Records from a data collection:
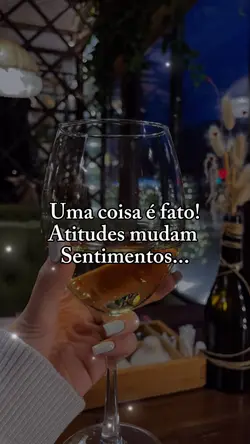 frases 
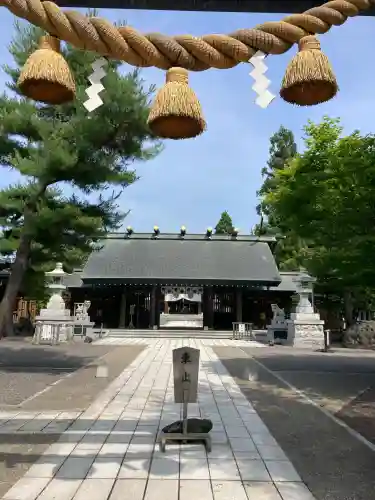 刈田神社の{uncategorized: "未分類", other: "その他", undefined: "問題あり", building: "その他建物", grave: "お墓", sacred_gate: "鳥居", guardian: "狛犬", statue: "像", buddha: "仏像", history: "歴史", nature: "自然", garden: "庭園", animal: "動物", pagoda: "塔", temizu: "手水舎", mountain_gate: "山門・神門", sanctuary: "本殿・本堂", subordinate: "末社・摂社", art: "芸術", scenery: "景色", jizo: "地蔵", ema: "絵馬", goshuin: "御朱印", omikuji: "おみくじ", items: "授与品その他", amulet: "お守り", goshuincho: "御朱印帳", eats: "食事", festival: "お祭り", votive_dance: "神楽", shichigosan: "七五三参", wedding: "結婚式", experience: "体験その他", initially: "初詣", around: "周辺", anti_infection: "感染症対策"}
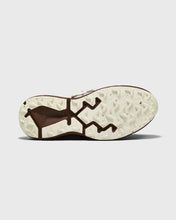 Afbeelding in Gallery-weergave laden, MERCER RE-RUN MAX GRAPE White/Brown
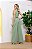 Conjunto Alfaiataria Compact Pantalona Blusa - Imagem 3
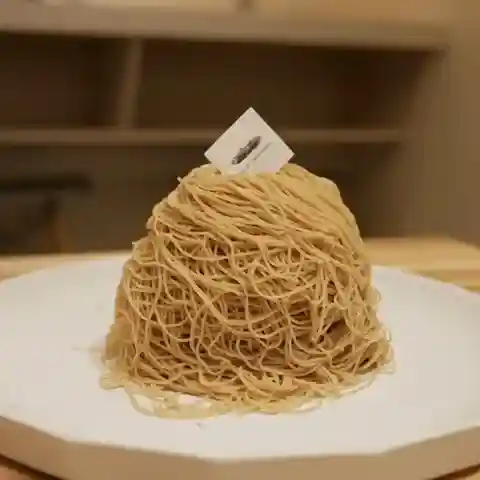 メゾン シーラカンス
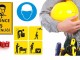 İş Sağlığı ve İş Güvenliği Nedir?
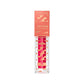 buy-maybelline-new-york-sunkisser-hazy-matte-blush-matte-finish-31-hot-pink-summer_i7t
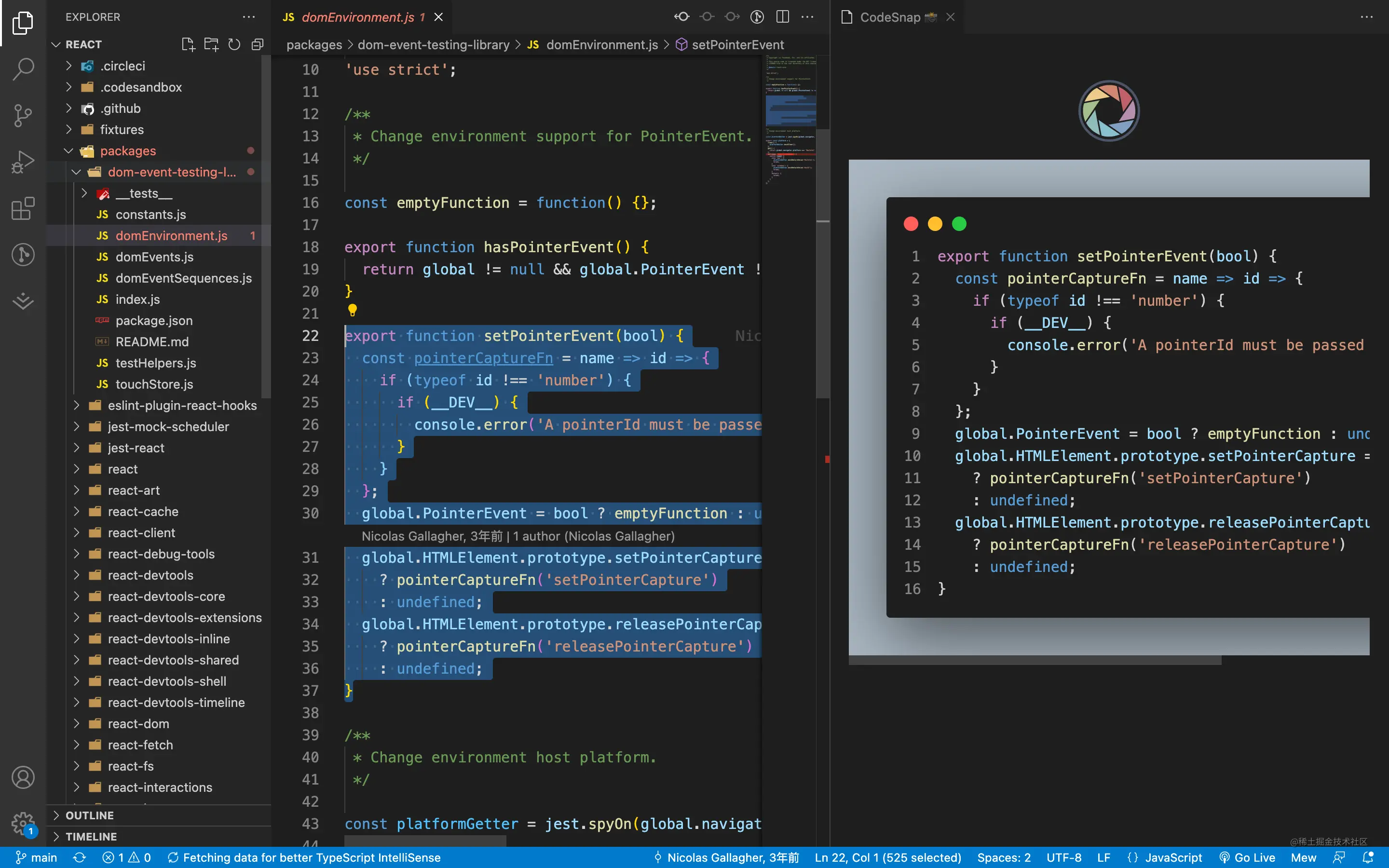 1665225169149495.gif 10.gif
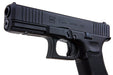 Umarex (SRC) Glock 17 Gen 5 MOS CO2 Airsoft Pistol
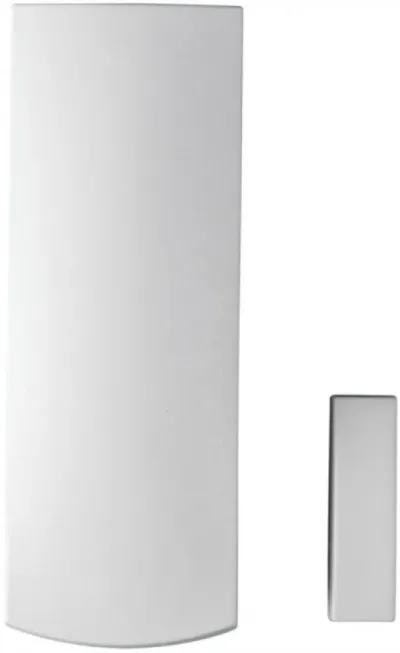 Paradox DCT10/433 Bežični detektor za vrata DCT10/433, Beli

_What you have to do_: In the entries above, find the line that contains "Conjunto Alfaiataria Compact" and the line that contains "1665225169149495.gif 10.gif". Reproduce exactly those two lines and every line between them, but not the pictures.

_Response to this exercise_:
 Conjunto Alfaiataria Compact Pantalona Blusa - Imagem 3
 メゾン シーラカンス
 İş Sağlığı ve İş Güvenliği Nedir?
 buy-maybelline-new-york-sunkisser-hazy-matte-blush-matte-finish-31-hot-pink-summer_i7t
 1665225169149495.gif 10.gif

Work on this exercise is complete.